The Los Angeles Ethics Commission (the term “ethics” is used rather loosely in this case) has a plan to get more voters to turn out on Election Day. Basically, they think the city should bribe people to show up at the polls. According to LA Times:
Alarmed that fewer than one-fourth of voters are showing up for municipal elections, the Los Angeles Ethics Commission voted Thursday to recommend that the City Council look at using cash prizes to lure a greater number of people to the polls. On a 3-0 vote, the panel said it wanted City Council President Herb Wesson's Rules, Elections and Intergovernmental Relations Committee to seriously consider the use of financial incentives and a random drawing during its elections, possibly as soon as next year.
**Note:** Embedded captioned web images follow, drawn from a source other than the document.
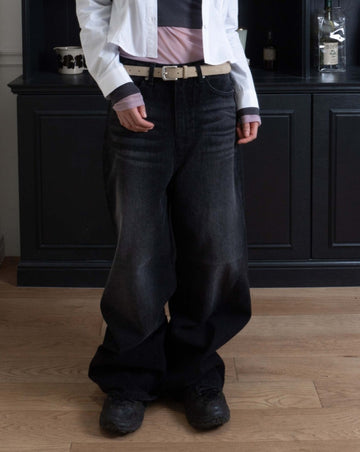 MAXI BLACK WIDE DENIM PT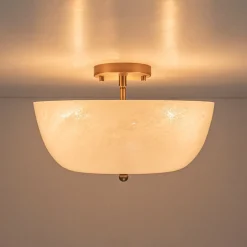 French 3-Light White Clouded Glass Round Semi Flush Mount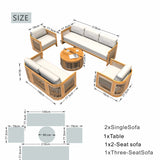 CAVEN 7-Seater Solid Wood Garden Sofa Set - 5-Piece Outdoor Sofa Set with Cushions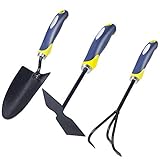 HiBird Garden Tool Set Heavy Duty Gardening Tools kit, Garden Cultivator Hand Tool, High Carbon Steel Outdoor Hand Tools Includes Garden Hand Trowel, Hand Garden Cultivator, Garden Hoe Tool 3Pack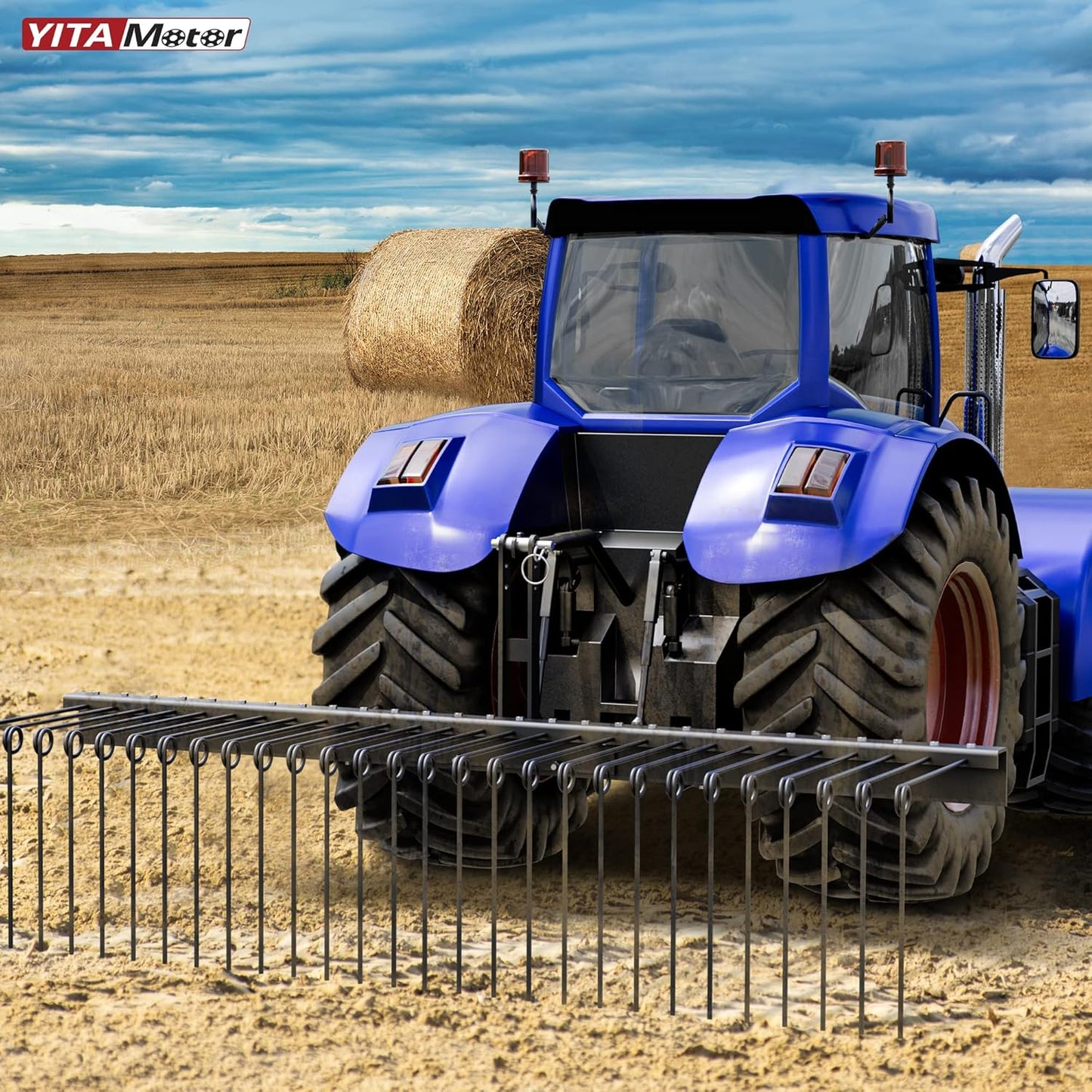 YITAMOTOR 72 Inch Durable Powder Coated Steel Pine Straw Rake Steel Spring Landscape Rake Attaches to Cat 0 Cat 1，3 Point Hitch for Tractor, Black Grey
Rewarding voters with cash prizes and handouts? Heck, I thought Democrats had already patented that process.
The plan seems to be tailor-made for corruption as city officials “reward” voters with money, handouts, and what I can only assume will be some novelty door prizes. What could possibly go wrong with a government-run program that “rewards” voters with free stuff? Especially with the top-notch ethics of Los Angeles city officials, right?
But, strangely, the potential corruption isn’t really the biggest issue here. For some inexplicable reason, pundits on the Right and Left seem obsessed with bemoaning America’s disinterest in the democratic process. Heck, how many times has someone tried to explain that “voting is the most important” thing you can do for your country? Well, I’m here to tell you that it’s not.
Bumping up voter turnout makes sense from a party perspective. Obviously political parties will do whatever they can (mostly legally) to get more of their supporters to the ballot box. But let’s face it: having people show up to vote, purely for the sake of voting, is absurd on almost every level. One third of Americans can’t even name all three branches of government… Most Americans can’t name the party that leads the House, and I’m willing to bet most LA residents weren’t even aware the city had a panel of Ethics. (Actually, this could shock anyone.)
And yet, we want to encourage these people to help elect the folks who will populate these branches of government? (I know, we don’t elect judges… We just elect the elitists hacks who appoint the self-appointed arbiters of our rights.) After all, we’re talking about voting. We’re not talking about American-Idol, YouTube views, or Facebook ‘Likes’. If you can’t name the Vice President, you probably shouldn’t be engaging in this process. And you certainly shouldn’t be getting “rewarded” for it with financial incentives. I know that I certainly don’t want to be governed by a bunch of voters who showed up to get their hands on some free stuff. (If I wanted that, I’d move to Chicago.)
Government seems almost obsessed with telling us that the most important piece of preserving our republic is that we vote. “Just Vote” says one campaign. Many state hand out cute little stickers to proudly proclaim the fact that citizens did their “civic duty.”
And, government has it wrong. Voting is not the most important aspect of our civic engagement. Knowledge of the issues, some basic understanding of government functions, and maybe a vague idea of current events are all a little more important than randomly punching some hanging chads. Informed voting is more paramount to preserving freedom than simply casting a ballot. This, after all, is why we don’t let toddlers vote. (Well, usually. I guess I don’t know how else Nancy Pelosi would have gotten into office.)
If voter turnout is so important, maybe we should take a hint from North Korea, Cuba, and Iran. Oh sure: citizens in those nations are “incentivized” to vote by a guy with a gun – rather than a cash prize – but at least there’s high turnout, right?